§ **Problem to work on**:
Find the line with "The Columbus Dispatch" in the records below. Output exactly from there until after the line with "Maureencoey", without pictures.

§ **Saved entries**:
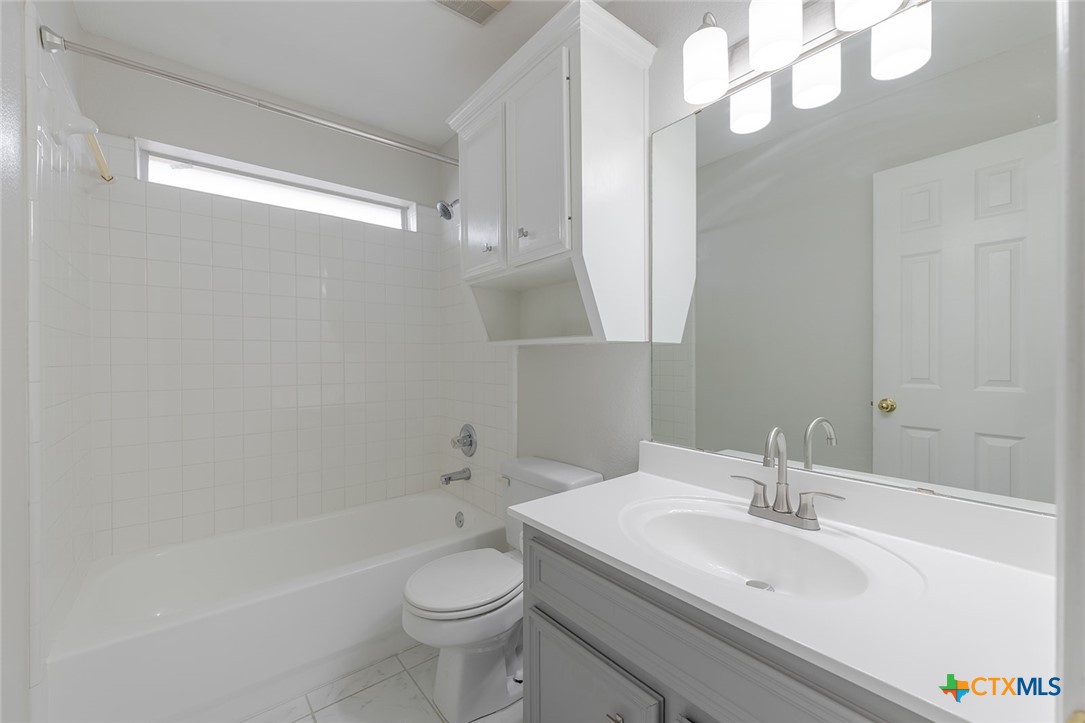 2710 Little Nolan Road Killeen, TX 76542 - Photo 17 of 27 Virtually staged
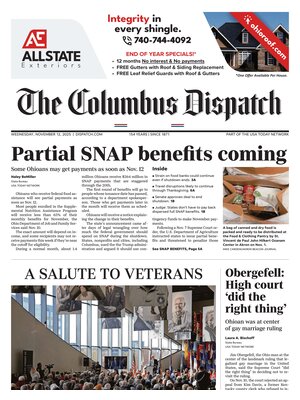 The Columbus Dispatch
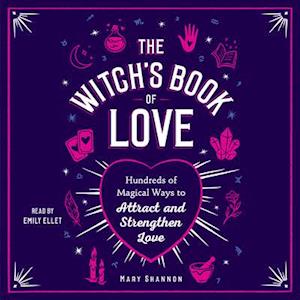 Witch's Book of Love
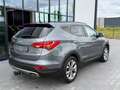 Hyundai SANTA FE 2.2 CRDi Aut Premium 4WD Leder Navi Xen Gris - thumbnail 4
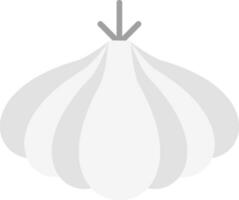 Garlic Vector Icon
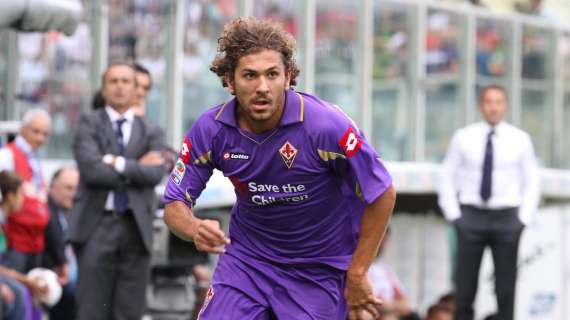 Cerci: "La nazionale? E' un mio obiettivo"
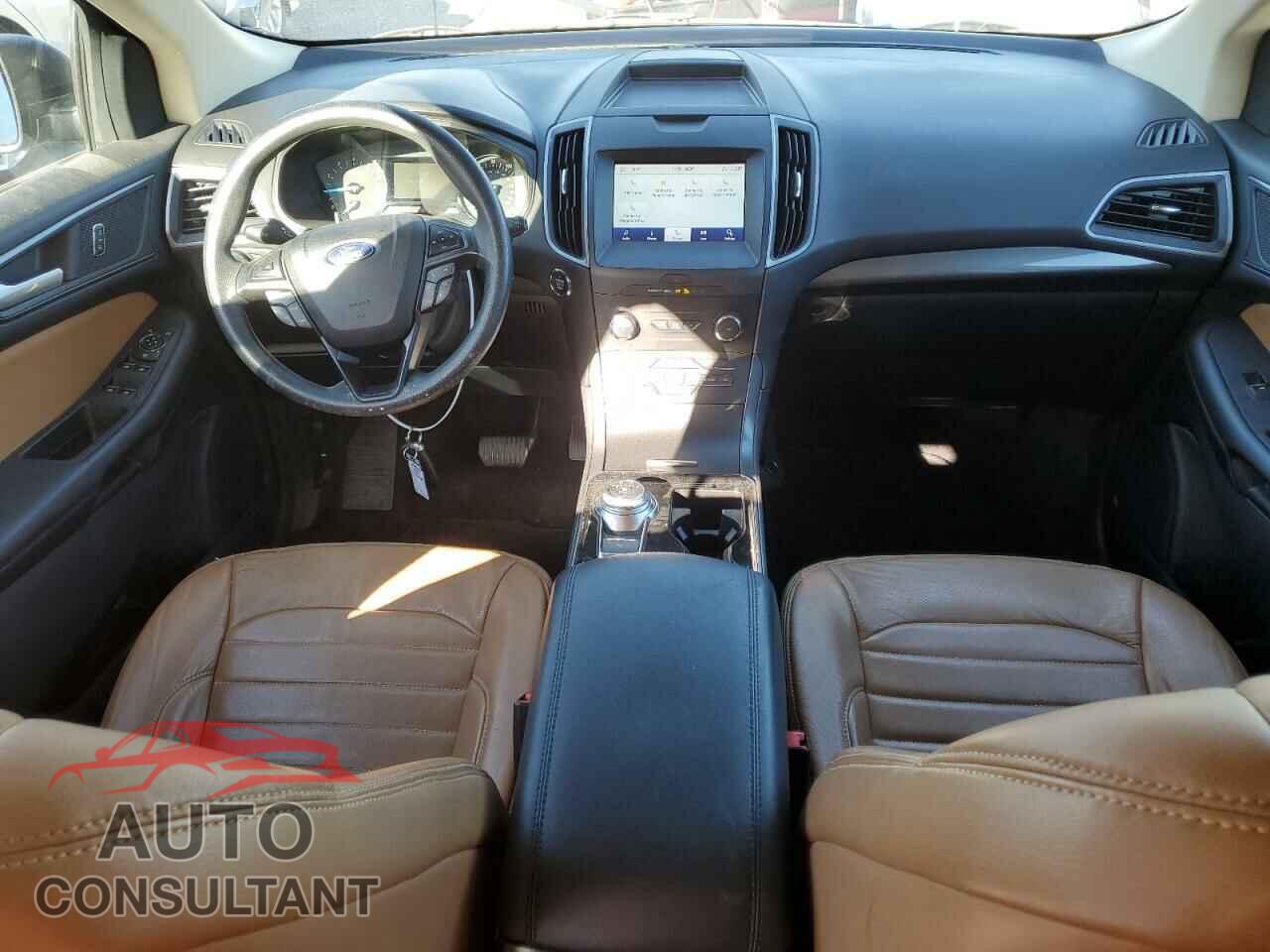 FORD EDGE 2020 - 2FMPK3G95LBB49162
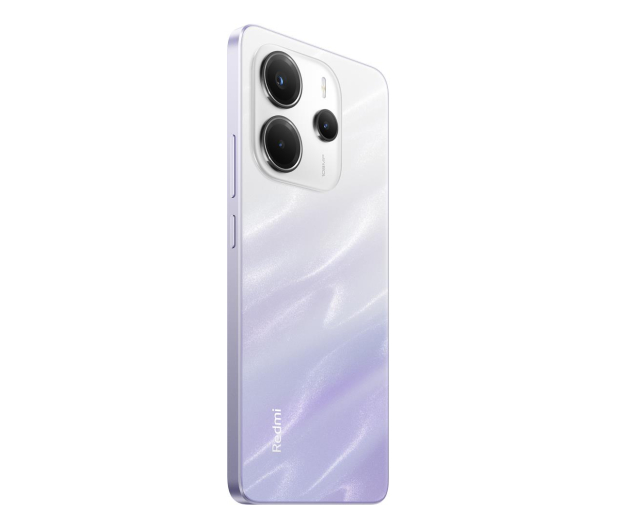 Xiaomi Redmi Note 14 8/256GB Mist Purple - 1308425 - zdjęcie 6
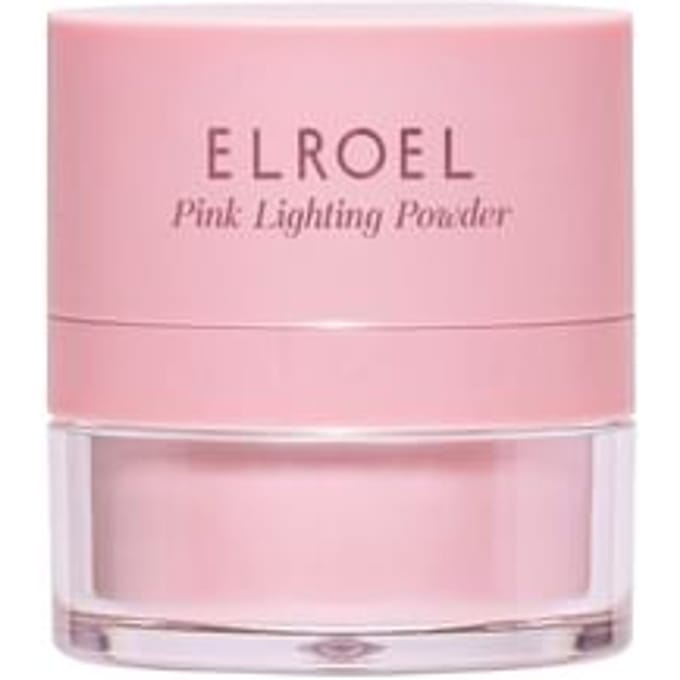 ELROEL - Pink Lighting Power 7.2g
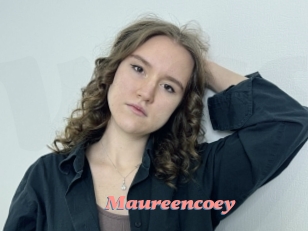 Maureencoey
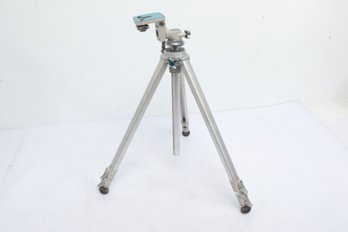 Aluminum Tri-Pod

§ **Expected answer**:
 The Columbus Dispatch
 Witch's Book of Love
 Hyundai SANTA FE 2.2 CRDi Aut Premium 4WD Leder Navi Xen Gris - thumbnail 4
 Garlic Vector Icon
 Cerci: "La nazionale? E' un mio obiettivo"
 FORD EDGE 2020 - 2FMPK3G95LBB49162
 Xiaomi Redmi Note 14 8/256GB Mist Purple - 1308425 - zdjęcie 6
 ELROEL - Pink Lighting Power 7.2g
 Maureencoey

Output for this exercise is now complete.